The Deterrence and Assurance Conversation
January 13, 2017
As we survey the world today, we find the nuclear landscape to be more uncertain and precarious than it has been at any time since the end of the Cold War. In recent years, Russia has taken to routinely rattling its nuclear saber—publicly embracing the value and utility of nuclear weapons while rejecting further nuclear arms control efforts—in an effort to intimidate its smaller neighbors and to test European unity along the North Atlantic Treaty Organization’s (NATO) periphery. North Korea’s expansion and diversification of its nuclear arsenal and associated delivery platforms, combined with Kim Jong-un’s penchant for provocation, has raised the risk of nuclear coercion and undermined confidence in current deterrence approaches. Meanwhile, nuclear competition between Pakistan and India continues to grow, spurred on by Pakistan’s now-open acknowledgment of a range of “tactical” nuclear weapons as part of their “full spectrum deterrence.” And China, unabashed in its desire to assert greater regional dominance, is modernizing, diversifying, and hardening its nuclear forces while simultaneously enhancing complementary capabilities in space, cyber, and advanced missile systems. Over a quarter century past the fall of the Berlin Wall, nuclear dangers appear to be growing rather than receding, contributing to an increasingly complex security environment.
Yet, in spite of a landscape so fraught with nuclear perils, we also see deepening discontent with the very notion of nuclear deterrence. Recent political trends in Europe and in the United States indicate a growing skepticism about the benefits of the internationalist system on which deterrence, and especially extended deterrence, depends. We hear a growing chorus of voices questioning its legitimacy, dividing the global community between the nuclear haves and have-nots: indeed, the United Nations will begin negotiations this upcoming March on a nuclear weapons treaty ban for which none of the nuclear weapons-possessing states have indicated any support.
Why, then, in the face of such concerning nuclear challenges, is there so little consensus in the United States and abroad about the importance of the U.S. nuclear arsenal in assurance, deterrence, and stability, and about what these changes mean for declaratory policy and capabilities? Why are the divisions and disagreements—at home and abroad—about U.S. nuclear policy and posture deepening?
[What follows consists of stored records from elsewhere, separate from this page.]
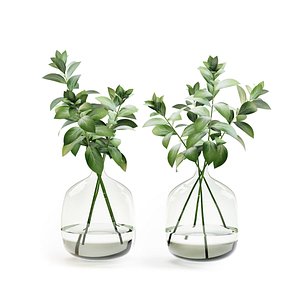 3D herb stem vase water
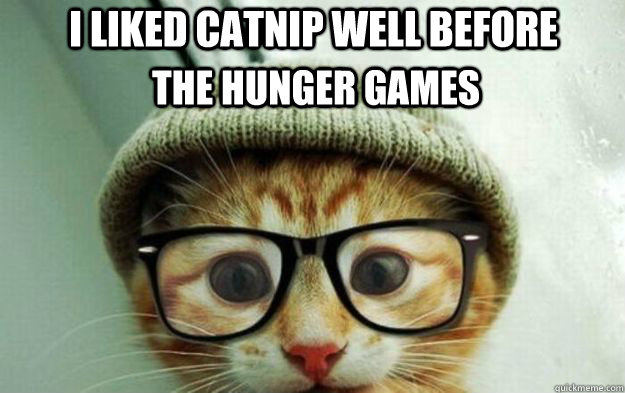 I liked Catnip well before The Hunger Games - I liked Catnip well before The Hunger Games  Cute Hipster Cat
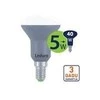 Lemputė LEDURO Energijos suvartojimas 5 vatai Šviesos srautas 400 liumenų 3000 K 220–240 V Spindulio kampas 180 laipsnių 21169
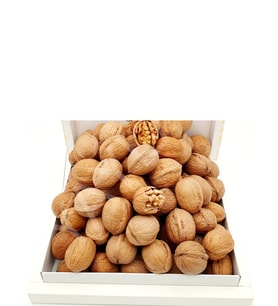 KAHRAMANMARAŞ KABUKLU CEVİZ (MARAŞ18) 1 KG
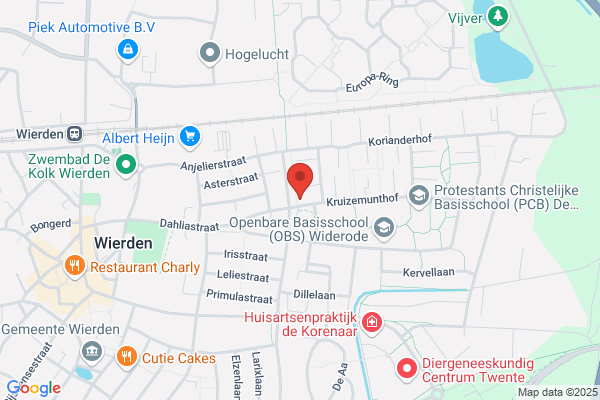 Nijzink, W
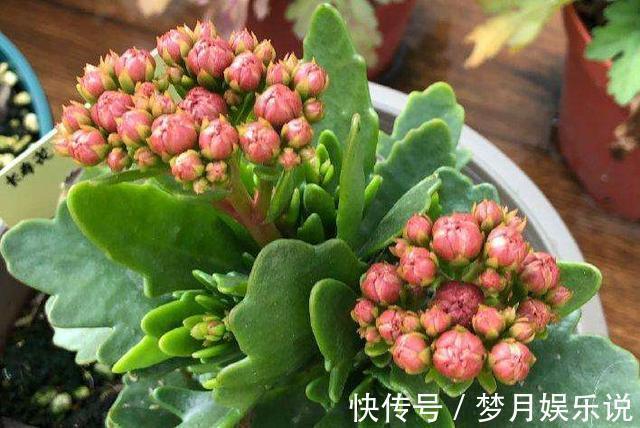 花苞|什么羊粪、淘米水都不如“1勺粉末”，浇水加一点，25天吐花苞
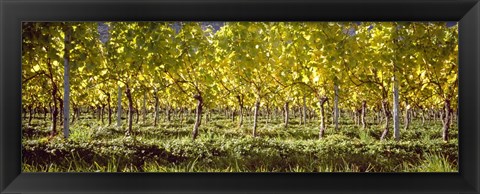 Framed Vineyard, Barcelona, Spain Print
Do those of us within the nuclear policy establishment, who might be considered members of the so-called “Washington elite,” see the security environment clearly and correctly, or are we operating in a self-defining echo chamber that limits our ability to understand the security environment as much of the world sees it?
Deterrence depends fundamentally on our ability to shape both our adversaries’ and allies’ perceptions and calculations of risk. It is a conversation between and among allies and adversaries, designed to convince adversaries that the risks of conflict far outweigh any potential benefits and to assure allies relying on U.S. security guarantees that this conversation is working to protect their core interests. Credibly doing both, in turn, rests on a shared understanding of the risks or threats that shape the global security environment; the nature and value of the global security architecture that shapes and governs this environment; and, finally, the role of the United States in the global security system.
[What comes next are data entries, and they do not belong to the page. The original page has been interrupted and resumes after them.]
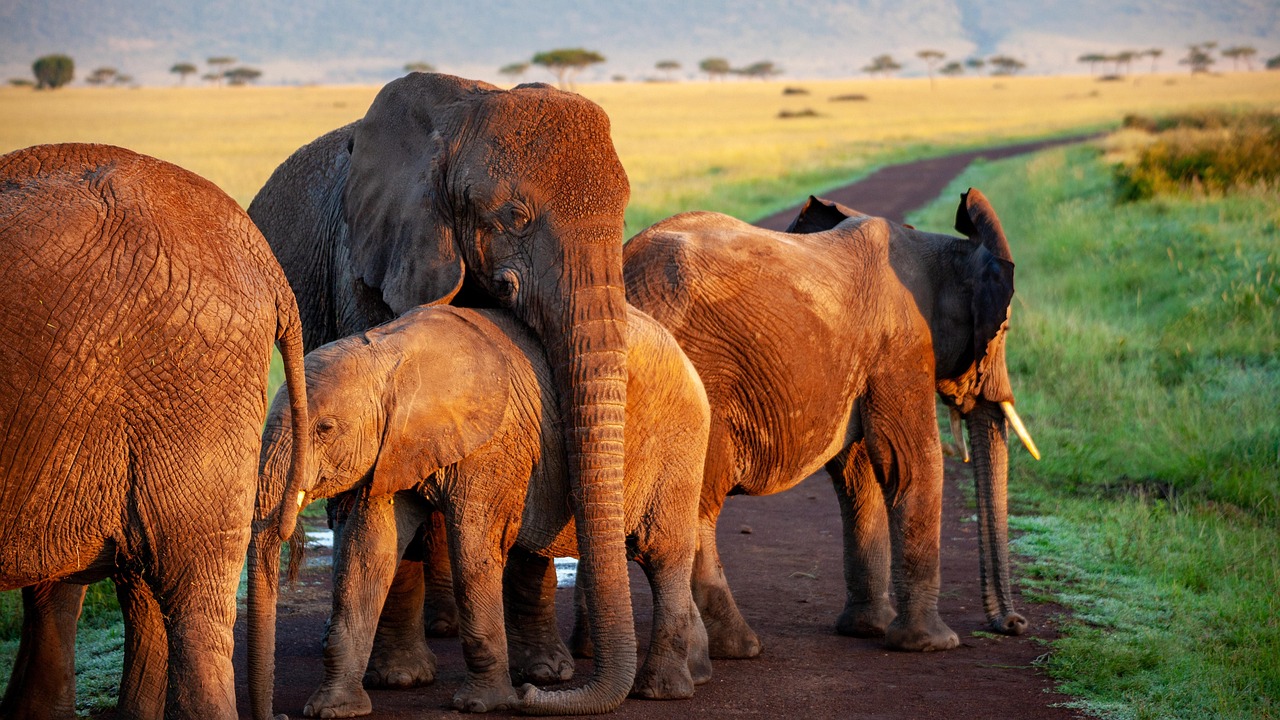 elephant  flock  mother  africa  safari  animals  nature  wilderness  animal world  baby elephant  national park  herd of elephants  proboscis  elephant family 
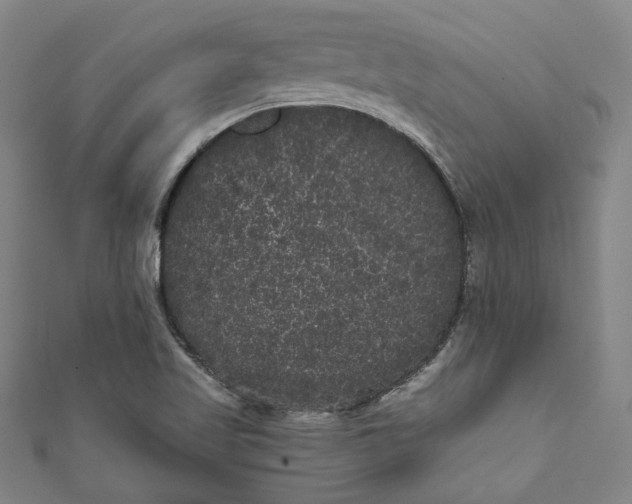 X0000111461509200907271240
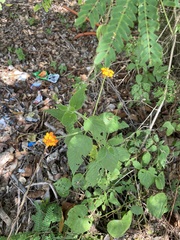 Lantana horrida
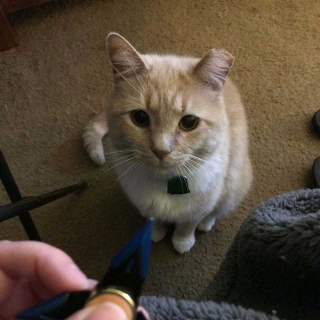 Illustration de l'article : Vidéo : Un chat un peu trop curieux se retrouve piégé chez un de ses voisins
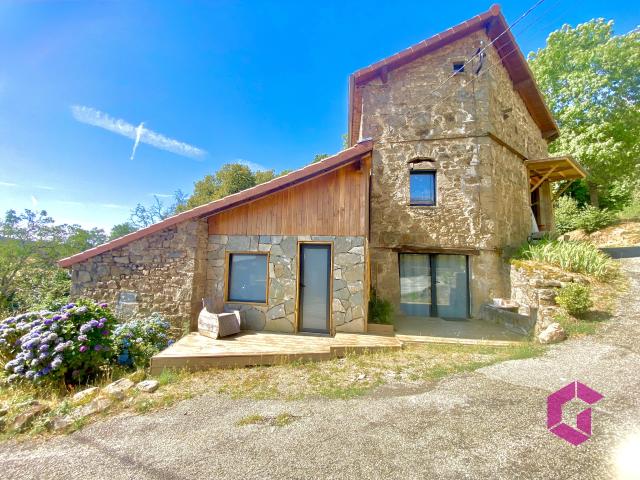 Maison vente à Saint-Julien-Molin-Molette, Loire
Our security environment is shifting in ways that will have unexpected implications for nuclear deterrence. Yet it seems that even these basic perceptions are not, in fact, strongly shared today. Moreover, the nuclear policy establishment’s tendency to talk in a “nuclear silo”—with only those other members in this small community, and in jargon largely inaccessible to those outside the field—has at least partially contributed to these divisions.
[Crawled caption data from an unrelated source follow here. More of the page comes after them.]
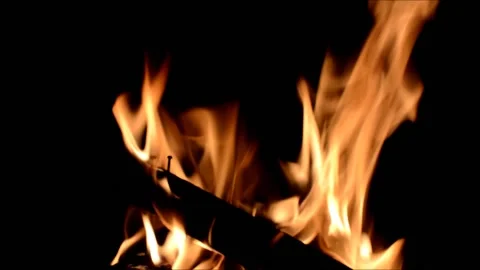 Campfire in the night. 動画素材 149936589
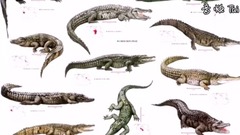 ПОЙМАН САМЫЙ БОЛЬШОЙ КРОКОДИЛ В МИРЕ!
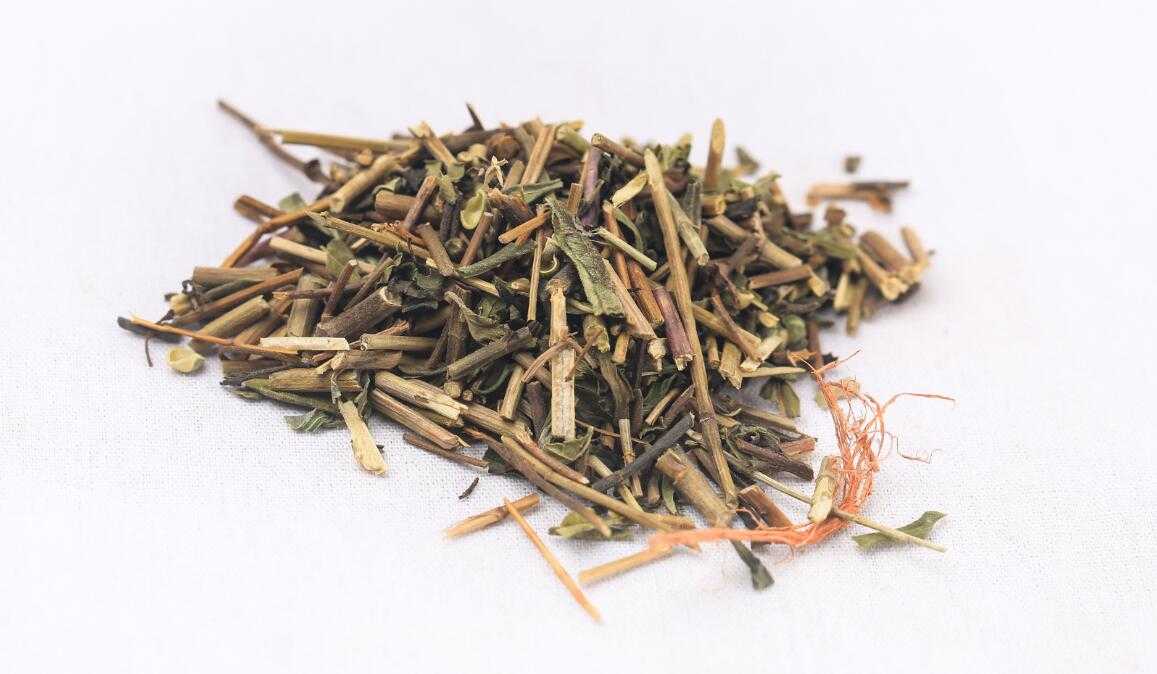 透骨草图片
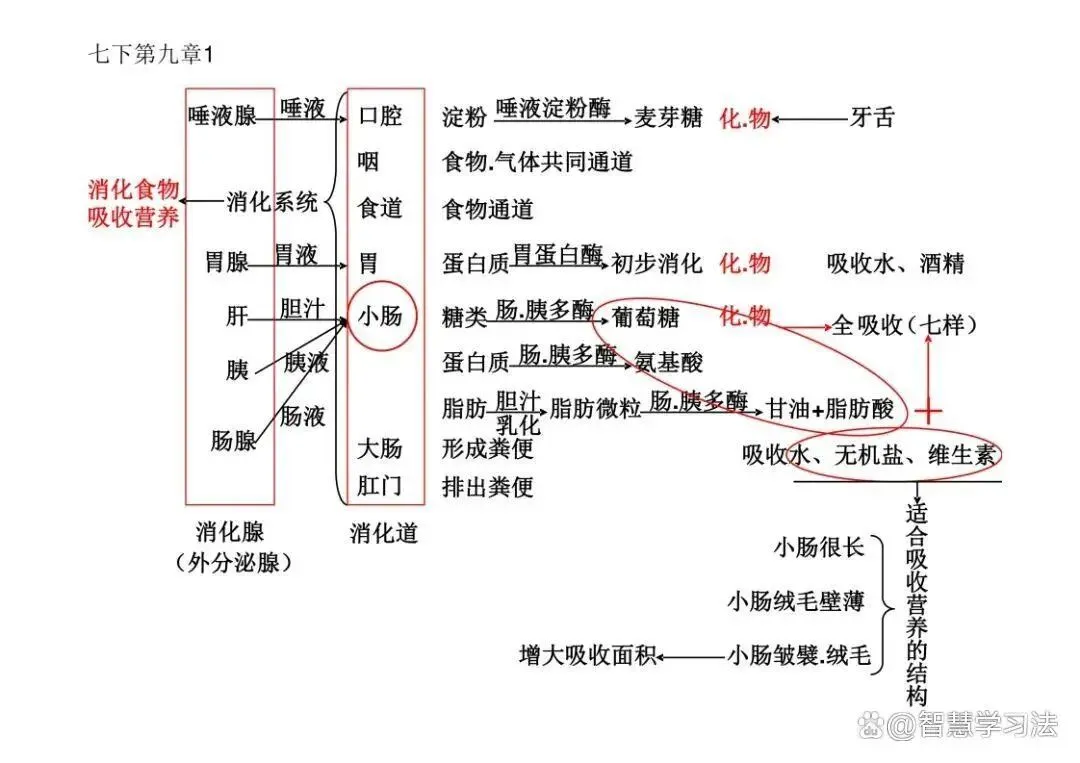 初中(中考)生物知识复习专用,思维导图结构!考点重点一目了然-第9张图片-四季读书网 初中(中考)生物知识复习专用,思维导图结构!考点重点一目了然-第9张图片-四季读书网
A more candid discussion of the role of nuclear deterrence in U.S. national security strategy going forward must include a more panoramic view of the world—one that not only takes into account our security challenges in their varied forms, but that also honestly recognizes the place of the United States, and specifically its nuclear deterrent, in relation to those challenges. We cannot have the same discussion we have had the last two decades. We see why not as we climb out of the nuclear bubble:
A New Generation
Fully one-third of the United States’ population was born after the Cold War ended. Members of this generation have no experience with, and little knowledge of, the threats that shaped our security environment for nearly 50 years and the defining role played by nuclear deterrence in keeping the peace. The language, experience, and concepts of the Cold War do not resonate with or inspire a generation that did not live through it and that is consumed with a range of contemporary problems. During the Cold War, nuclear dangers loomed large and figured prominently in the public discourse. Civil defense efforts—“duck and cover”—ensured that Americans knew the fear of nuclear weapons even as we survived the entire period by deterring their actual use. Nothing has arisen to re-explain deterrence in contemporary terms that address the world of today and tomorrow, rather than of yesterday.
This is the demographic reality all over the world. This generation does not take our assumptions—about the role of nuclear weapons in our national security or about the role of the United States in the world—at face value.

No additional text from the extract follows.